Jeanne Allender is certain. God not only talks to her, he also teaches, listens, responds, guides, provides and has big expectations. He is very clear about her mission in life: feed the hungry, clothe the needy, love the downtrodden and hug everyone, even if they are a bit smelly.
“A homeless man came in regularly,” Jeanne said. “I said ‘OK, girls! Everybody hug him!’ He said, ‘Oh no, you can’t, I smell.’ And I said ‘Yes we can! Everybody gets hugged here!’”
“Here” is the Washington Christian Outreach, Inc. providing free clothing, furniture, food and hot meals at 119 Highland Ave. Jeanne is its founder and volunteer director. Thirty‐seven years ago, a friend gave her a bag of clothing and asked, “Do you know someone who needs these?” By giving it away, Jeanne began her life’s mission. For five years, she worked out of her car, collecting and distributing clothing and food.
A local church donated space, but they outgrew it. She spotted an abandoned building and
prayed for two years, telling her husband that that building will someday house the Outreach. When the building’s owners saw the work she did, they slashed the price in half. Jeanne raised money, but still needed another $40,000.
“I was so naïve. I went to First Federal for a loan and they asked what assets we had. I said ‘a desk and a microwave.’ They took a chance, loaned $40,000 and we paid it off in seven years.” The entire operation is run by volunteers. “We are the ultimate non‐profit, “ Jeanne says, “We don’t sell anything and no one gets paid.”

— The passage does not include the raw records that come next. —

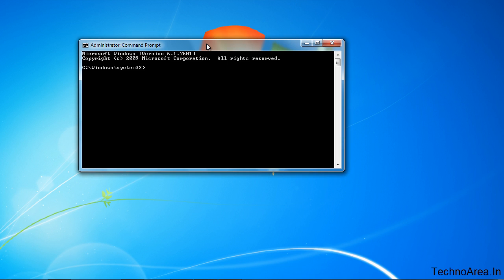First we need to go to diskpart section. So for this, type diskpart.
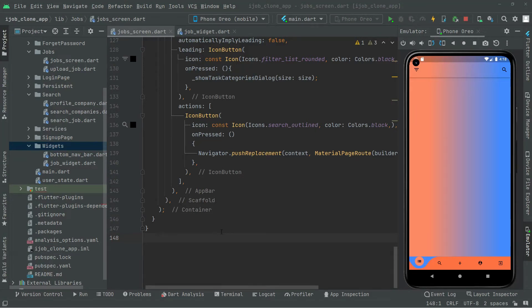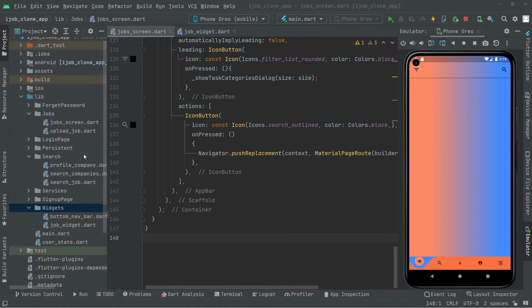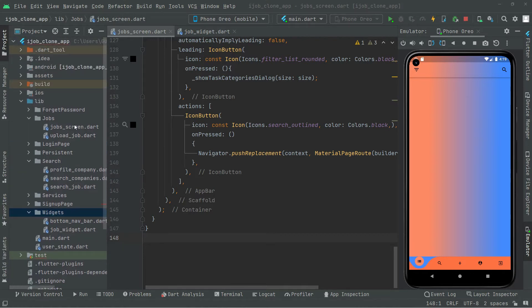Welcome back. In this video we will create a query in order to retrieve the data and show it right here on the job screen. We are on the job screen.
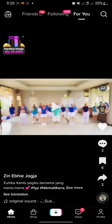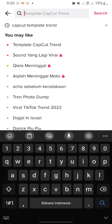Hello everyone, thank you for clicking this video. Today I will show you how to use a template in CapCut. If your CapCut didn't show the template tab or the template page, you can go to TikTok and then click on the search button and search for 'CapCut template trend'.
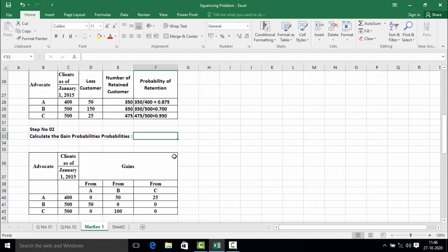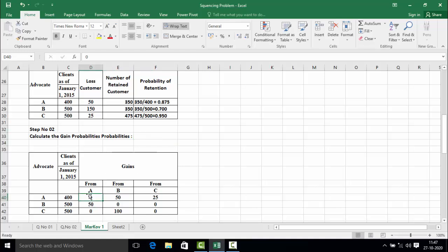Next we calculate the gain probability, referring to Table 1.2. Advocate A has an original customer base of 400. Gain from A to A is 0, from B to A is 50, and from C to A is 25. The gain probability is calculated by dividing the number of clients gained — a column value — by the number of clients served at the source of the gain. So we calculate column-wise. The first column represents gains from advocate A to A, B, and C, so we divide by advocate A's customer base of 400.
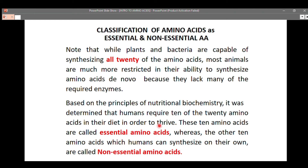Essential amino acids are required for the body to survive. On the other hand, there are another 10 amino acids which humans can synthesize on their own. Because they can be synthesized by the body, they are called non-essential amino acids, as they are not required to be obtained through diet. For the essential amino acids, they are required for the body to survive — without those amino acids, the body cannot function properly.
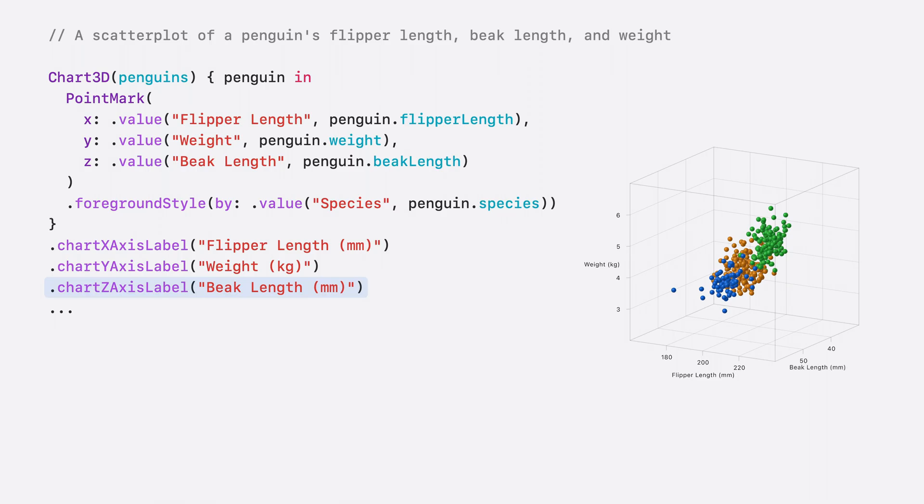That's it. With a few lines of code and Chart3D, I can immediately see the differences between the penguin species in a fun and interactive way.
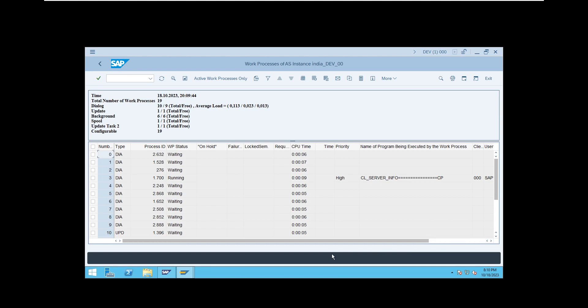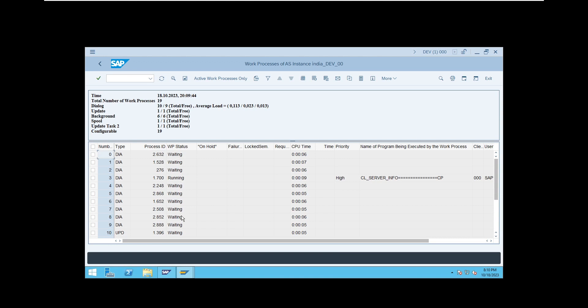The important thing in SM50 is the work process status. The statuses are: waiting, running, stopped, ended, shutdown, and standby. Waiting means the work process is ready to serve you. Running means the work process is occupied and processing something. If it is in waiting condition, no problem — your system is free. If running, check which program it is running, the priority, which user in which client, and how long it has been running.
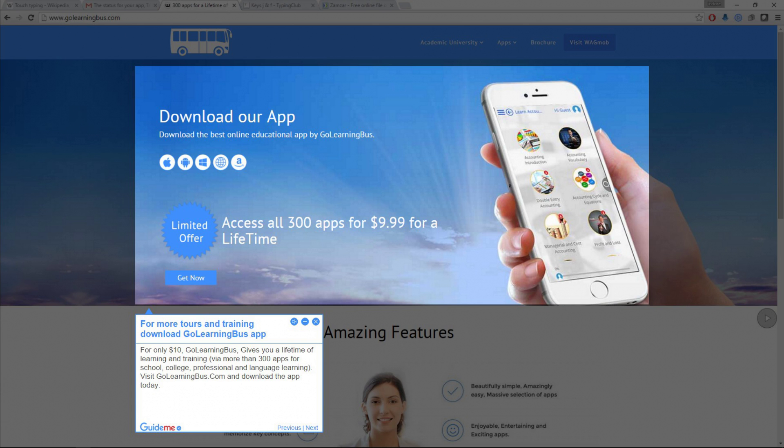GoLearningBus gives you a lifetime of learning and training via more than 300 apps for school, college, professional and language learning.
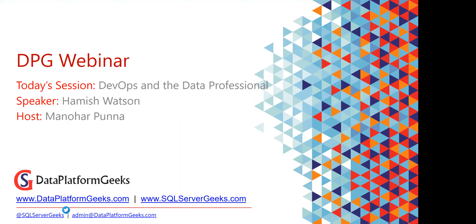Hello everyone, good morning, good afternoon, good evening depending on wherever you are. Welcome to the DPG webinar. Today's session is on DevOps and the Data Professional by Hamish Watson. I'm Manu Puna and I'll be hosting the webinar for you today.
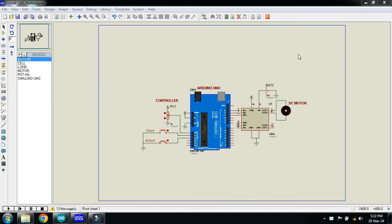In this video you will learn how to control a DC motor with the help of an L293 motor driver.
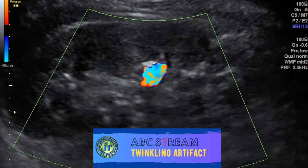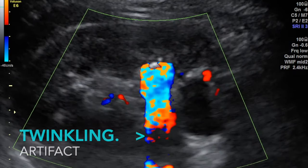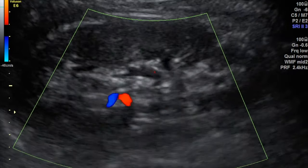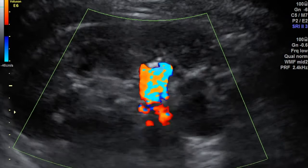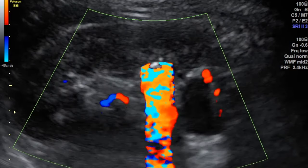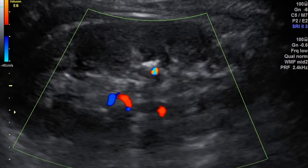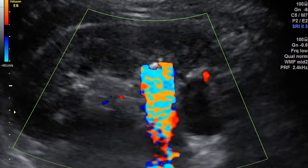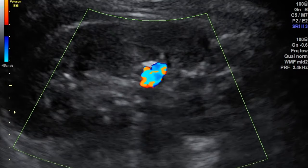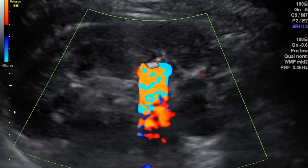The T in ABC STREAM is the twinkling artifact, which is a color Doppler artifact. The concept is similar to acoustic shadowing on regular ultrasound. On Doppler, we see a focus of alternating colors behind the reflective object — usually a calculus — giving an appearance of turbulent blood flow. Knowing this artifact, you can switch on color Doppler when hunting for small stones, and you will see a small twinkle distal to the calculus, confirming your diagnosis. The artifact becomes more obvious when the focal zone is located below the reflecting surface.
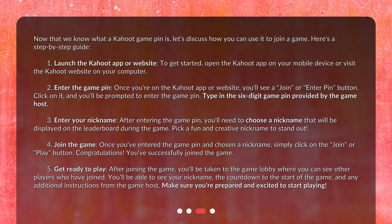Step 5: Get ready to play. After joining the game, you'll be taken to the game lobby where you can see other players who have joined. You'll be able to see your nickname, the countdown to the start of the game, and any additional instructions from the game host. Make sure you're prepared and excited to start playing.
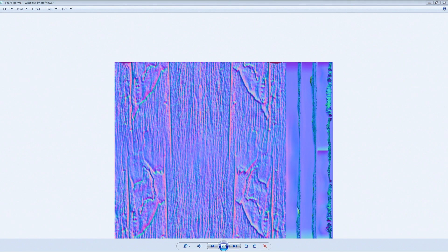Thank you again for watching this tutorial, and that is how you make a normal map with Blender. This is actually the first in a series of three. In the next part, I will be showing you how to texture it using a diffuse map we painted ourselves with that same wood texture — so don't lose it. And then in the third tutorial, I will be showing you how to create a specular map and set up some nice lighting to show it off.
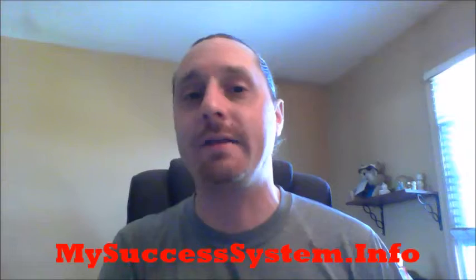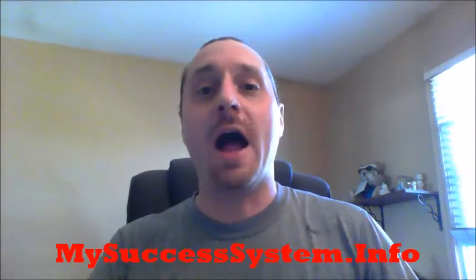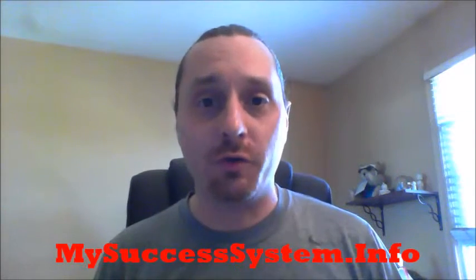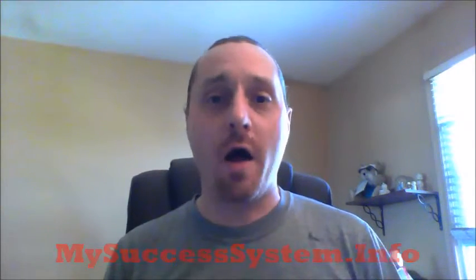So one thing you can do to start a business is you can head over to mysuccesssystem.info, learn about a business that I use to create my own income online, full-time income working part-time from home. And we actually teach some of the concepts in order to change your mindset from that of an employee to a business owner, so you can actually learn this stuff as you earn in this business.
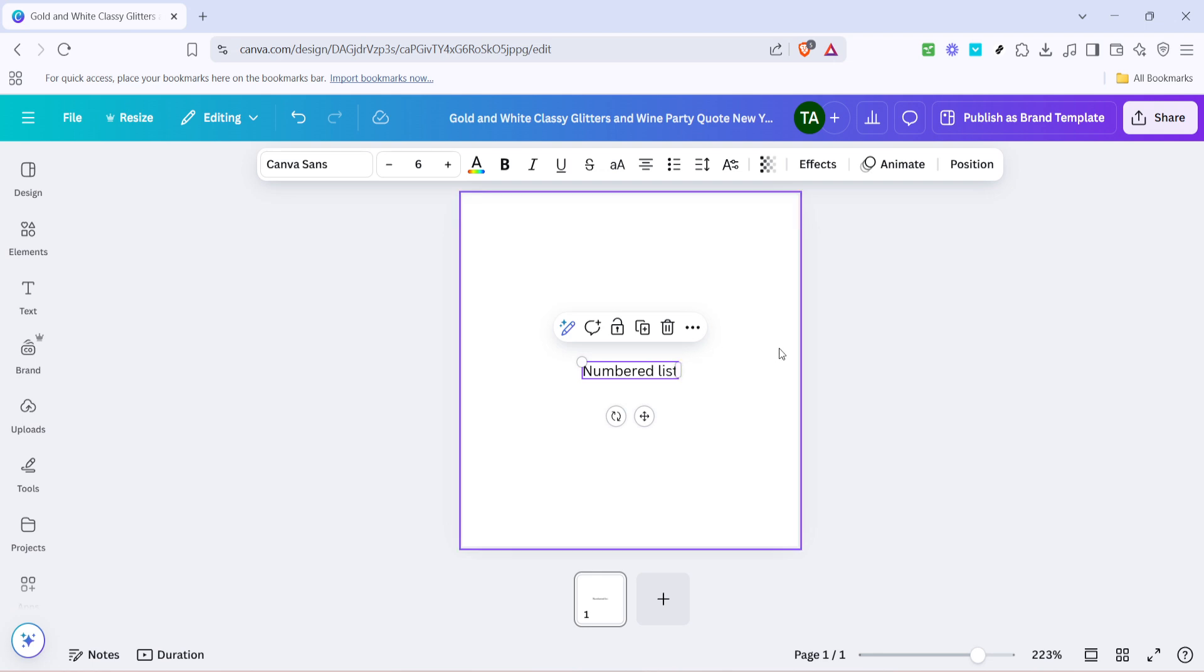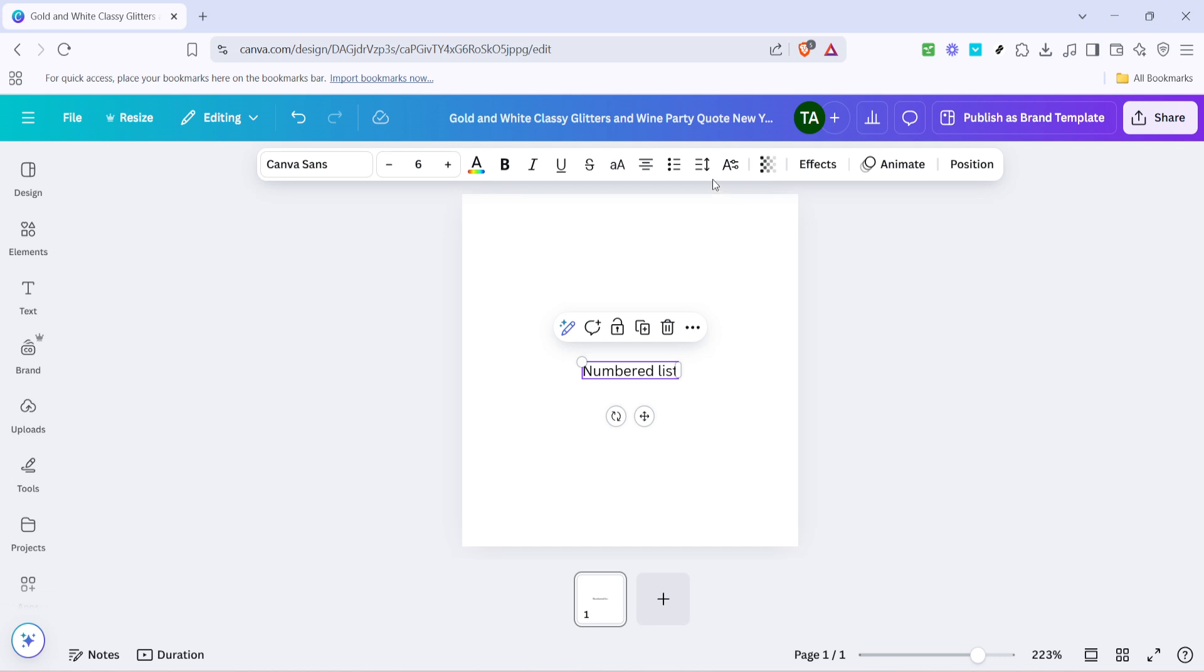After your text element is selected, your next step is to look towards the top of the page, where you'll find various text formatting options. Among these options, you'll notice several icons. One of these is the list icon, which is usually visible as a small icon depicting lines of text with bullet points beside them. Click this icon to activate the list function.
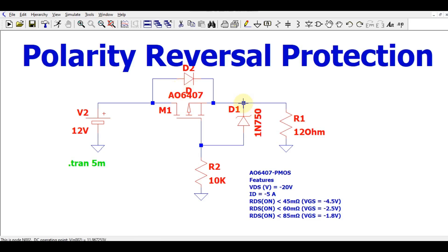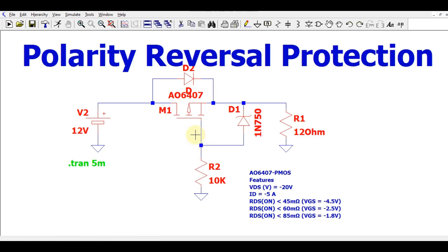Since you have a Zener diode of 4.7 volts, 4.7 volts drops across the Zener diode and the rest of the voltage drops across resistor R2. So your source-to-gate voltage is now around minus 4.7 volts. This means the MOSFET turns on and current starts flowing through the load. If you reverse the polarity of the power supply, the MOSFET will not turn on and there is no power supply at the output.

Feeding people comes naturally to Jeanne. Her Italian grandmother cooked for everyone: family, friends, neighbors. One day, when young Jeanne complained she was tired of feeding people, her grandmother told her, ”You gonna do more than me.” The seed was planted. “I always had something within me that I wanted to feed and help people,” she said.
But cooking isn’t her biggest talent. Her true gift is seeing past outer appearances and looking at people through her heart. That’s how she saw an alcoholic named Donnie, who came in every day, drunk. The women put him in the center of their circle and prayed over him. In his words, “one day it took.” He stopped drinking, started working, and lived a clean life. “I bring Love and salvation to God’s people. I love them all; they are all mine. I never had any brothers or sisters but I have a big family now.”
WCCF Chairman of the Board, Richard White, calls Jeanne “A woman of great compassion.
Through her leadership, this organization has met pressing community needs.” Last year’s recipient of the Waller award supports Jeanne’s nomination. According to Janet Abernathy, “Jeanne is known throughout the area for doing one thing and doing it well ‐ helping her fellow humans with food, clothing and encouragement at the time that they need help.”
Receiving the Louis E. Waller Humanitarian Award is special to Jeanne, because she considered Lou Waller her mentor. “He has always been and will always be a big part of this ministry.”